Georgina Lorencz, founder and president of African Travel Seminars (www.africantravelseminars.com), received one of the travel industry’s highest forms of praise with this year’s APEX Distinguished Service Award from Black Meetings & Tourism magazine.
“I was thrilled, excited and could not contain myself. Knowing the caliber of the award, I initially thought someone was messing with me,” Lorencz laughs.
Black Meetings & Tourism magazine, or BM&T, confers the award each year to individuals whose outstanding achievements, tireless efforts and diligence further the notability of their specific niche, and positively impact the travel industry in the area of heritage tourism. Lorencz was one of the individuals recognized at The Travel Professionals of Color’s 10th annual conference and Trade Show, held May 17-20 in Denver, Colo.
The event was established in 2002 by Charlotte Haymore, owner and manager of Charlotte’s Cruises – N – Tours, and Betty Jones, owner of CB Jones Travel Services. It is the first event in the Rocky Mountain Region that focuses on the needs and education of today’s travel professionals of color. BM&T, a sponsor of the event, caters exclusively to the more-than $40 billion African-American meetings, incentives, leisure and group travel market.
Ghanaian-born Lorencz says she started African Travel Seminars in 1996 to give travelers an experience “above and beyond” that of your typical vacation trip. That means giving her clients a memorable experience that incorporates adventure, as well as education about the history and culture of the countries they visit. “When I was working as a director with colleges, I was not impressed by the monotonous tours and watered-down history of Ghana and other African countries being offered to travelers. I wanted to change that,” Lorencz explains.
She has greatly enhanced the experience by utilizing all available methods of education, including readings, surveying archeological sites and discoveries, lectures, field adventures and outings that allow the travelers to experience a true, cultural immersion. “I manage to build in the academic component. There are even assignments, and a pretest is given before you travel,” she says.
Her company customizes programs for each client. Her goal is not only to change the mindset and knowledge of the traveler, but also to leave a positive, lasting effect on the area and the people visited. “I place an enormous emphasis on leaving the country in a better condition than when the groups or travelers arrived,” Lorencz says.
She achieves this by asking participants to leave items for the people, which could be as simple as pens, notebooks, or school supplies. “You’d be surprised how, in some of these countries, children use discarded straight-edge razor blades as pencil sharpeners,” she says. In some cases church groups, she adds, colleges, and/or sole travelers have been so moved by the ATS experience that they have started scholarship programs in some regions.

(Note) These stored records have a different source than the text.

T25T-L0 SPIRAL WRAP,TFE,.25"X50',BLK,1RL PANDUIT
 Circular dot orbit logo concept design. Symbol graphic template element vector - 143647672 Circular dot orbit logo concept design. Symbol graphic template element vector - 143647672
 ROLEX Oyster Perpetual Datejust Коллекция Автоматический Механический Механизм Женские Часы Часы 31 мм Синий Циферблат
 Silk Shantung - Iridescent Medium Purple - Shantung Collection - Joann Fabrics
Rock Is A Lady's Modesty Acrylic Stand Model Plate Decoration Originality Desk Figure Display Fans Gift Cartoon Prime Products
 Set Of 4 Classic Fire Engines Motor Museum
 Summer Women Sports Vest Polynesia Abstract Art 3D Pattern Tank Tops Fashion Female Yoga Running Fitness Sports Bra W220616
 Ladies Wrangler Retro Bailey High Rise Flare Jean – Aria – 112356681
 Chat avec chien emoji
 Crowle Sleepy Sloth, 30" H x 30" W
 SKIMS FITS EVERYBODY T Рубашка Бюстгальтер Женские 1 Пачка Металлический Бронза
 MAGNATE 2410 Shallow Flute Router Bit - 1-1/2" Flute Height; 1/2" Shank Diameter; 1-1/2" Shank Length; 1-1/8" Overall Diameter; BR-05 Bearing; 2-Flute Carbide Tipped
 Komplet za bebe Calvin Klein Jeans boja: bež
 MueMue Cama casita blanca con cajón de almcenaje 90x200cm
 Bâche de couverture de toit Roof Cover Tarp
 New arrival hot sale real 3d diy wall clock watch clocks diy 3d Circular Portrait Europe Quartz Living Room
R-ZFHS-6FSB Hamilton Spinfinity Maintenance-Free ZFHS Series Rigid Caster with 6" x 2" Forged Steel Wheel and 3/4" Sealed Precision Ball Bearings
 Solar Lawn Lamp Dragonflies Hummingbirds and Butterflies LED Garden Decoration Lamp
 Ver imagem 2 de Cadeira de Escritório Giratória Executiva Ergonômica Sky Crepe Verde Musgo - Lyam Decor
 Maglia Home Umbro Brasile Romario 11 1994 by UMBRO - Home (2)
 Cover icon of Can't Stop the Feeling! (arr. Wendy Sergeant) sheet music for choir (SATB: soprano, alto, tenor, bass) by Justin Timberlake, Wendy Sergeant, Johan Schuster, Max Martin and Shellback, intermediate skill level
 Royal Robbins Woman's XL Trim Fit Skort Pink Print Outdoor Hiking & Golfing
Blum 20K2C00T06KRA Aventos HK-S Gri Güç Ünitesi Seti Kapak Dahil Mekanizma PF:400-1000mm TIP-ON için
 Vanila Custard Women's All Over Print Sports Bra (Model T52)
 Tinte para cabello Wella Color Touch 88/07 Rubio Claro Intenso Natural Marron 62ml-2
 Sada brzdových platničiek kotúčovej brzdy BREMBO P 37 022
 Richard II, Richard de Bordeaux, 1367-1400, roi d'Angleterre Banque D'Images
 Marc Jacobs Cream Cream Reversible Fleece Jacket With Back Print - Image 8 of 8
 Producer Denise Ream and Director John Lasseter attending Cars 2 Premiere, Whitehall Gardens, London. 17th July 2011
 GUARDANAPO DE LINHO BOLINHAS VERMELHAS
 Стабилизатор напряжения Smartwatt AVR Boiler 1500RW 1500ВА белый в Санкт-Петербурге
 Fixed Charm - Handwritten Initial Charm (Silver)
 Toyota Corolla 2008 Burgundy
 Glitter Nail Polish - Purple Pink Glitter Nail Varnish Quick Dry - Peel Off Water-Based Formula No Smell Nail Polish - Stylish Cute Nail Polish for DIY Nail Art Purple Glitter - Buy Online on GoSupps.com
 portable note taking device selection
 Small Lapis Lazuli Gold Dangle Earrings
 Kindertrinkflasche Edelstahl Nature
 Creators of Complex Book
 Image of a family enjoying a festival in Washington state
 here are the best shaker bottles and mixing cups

Although ATS focuses mostly on Africa, it arranges tours to destinations in Central and South America, such as Costa Rica and Brazil. Special-interest groups can even book spiritual heritage tours to The Holy Land. In tough economic times, such special-interest, as well as activist, school and church-based groups, are the most loyal. “They account for the majority of recurring business while the number of solo, luxury travelers dwindles,” Lorencz explains.
Lorencz sees her APEX award as an endorsement of the work she does through ATS. “I want people to realize they are going to learn, that it’s not just a tour. You’re not just seeing sights. It’s educational,” she insists.